予定の全15疾患、3日から治療受け入れ 山形大重粒子センター

2022/10/1 09:29
山形大は、10月3日に東日本重粒子センターが本格稼働と発表。治療対象が大幅に広がる=山形市・同大医学部

 山形大は30日、山形市の同大医学部東日本重粒子センターで当初予定していた全疾患の治療受け入れを10月3日に開始すると発表した。治療を先行していた4種類に、すい臓がんや肺がんなど11種類が加わる。乳がんなど現在対象になっていない疾患の治療研究にも取り組み、年間600人の治療を目指す。

 同センターは昨年2月、固定照射室での前立腺がんへの照射治療をスタートした。
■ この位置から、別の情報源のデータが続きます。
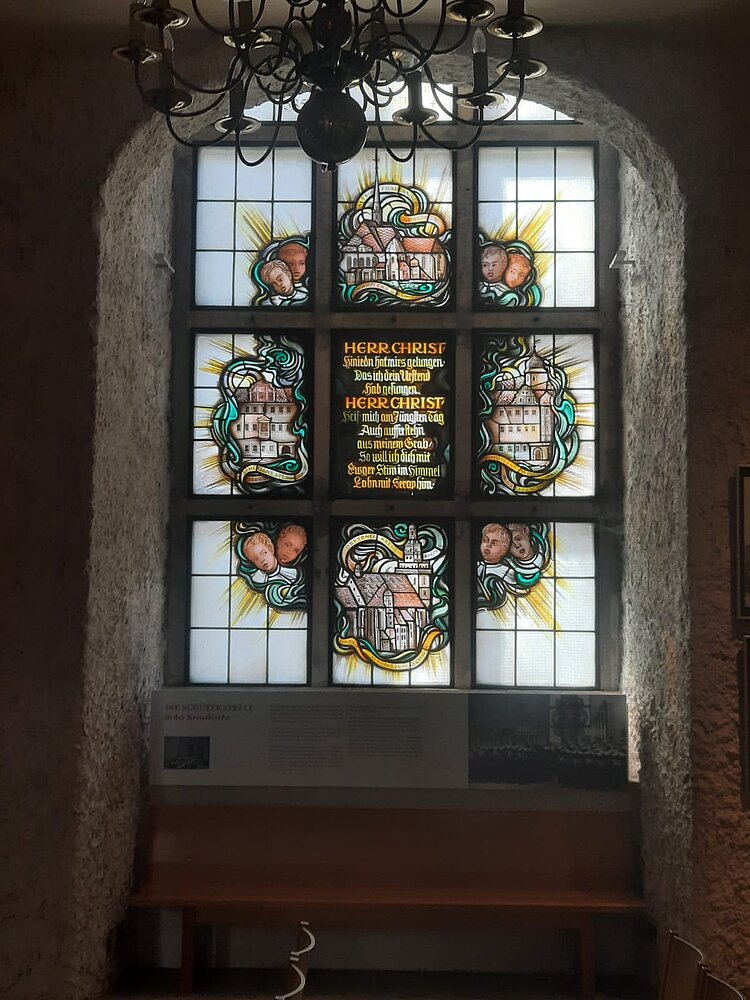 Ethikunterricht mal anders Buntglasfenster mit religiösen Motiven, umrahmt von Engelsköpfen und architektonischen Darstellungen. In der Mitte ein goldener Text, der Christus gewidmet ist. Vor dem Fenster befindet sich eine Holzbank und eine Infotafel.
今年3月に回転ガントリー照射室の運用が始まり、頭頸(とうけい)部がん、手術後に局所再発した大腸がん、骨盤部の骨軟部がんの治療に当たっている。

 呼吸に伴って動く臓器の腫瘍に、息を吐いたタイミングで照射できるようになるなどし、すい臓や肝臓、子宮頸部(けいぶ)、食道、肺、腎臓など11種類のがんに対応可能となる。
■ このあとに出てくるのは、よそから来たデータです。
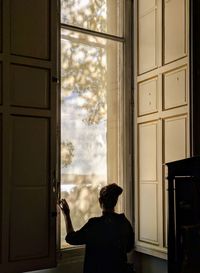 Rear view of man looking through window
 この日、同大医学部で開いた記者会見で、玉手英利学長は「学内外の関係者の思いと献身的な努力で事業が進み、本格稼働となることを喜ばしく思う」とあいさつ。根本建二センター長は「公的医療保険の対象が広がり、一般的な治療になってきた。治療のオプションとして取り上げられる環境にし、1人でも多くの人を救いたい」と語った。

 センターには2020年10月以降、東北各県や新潟県、北海道などから853人の紹介があり、前立腺を中心に558人が治療を終えた。韓国からの問い合わせもあり、新型コロナウイルス禍が収束すれば、海外からの受け入れも進める。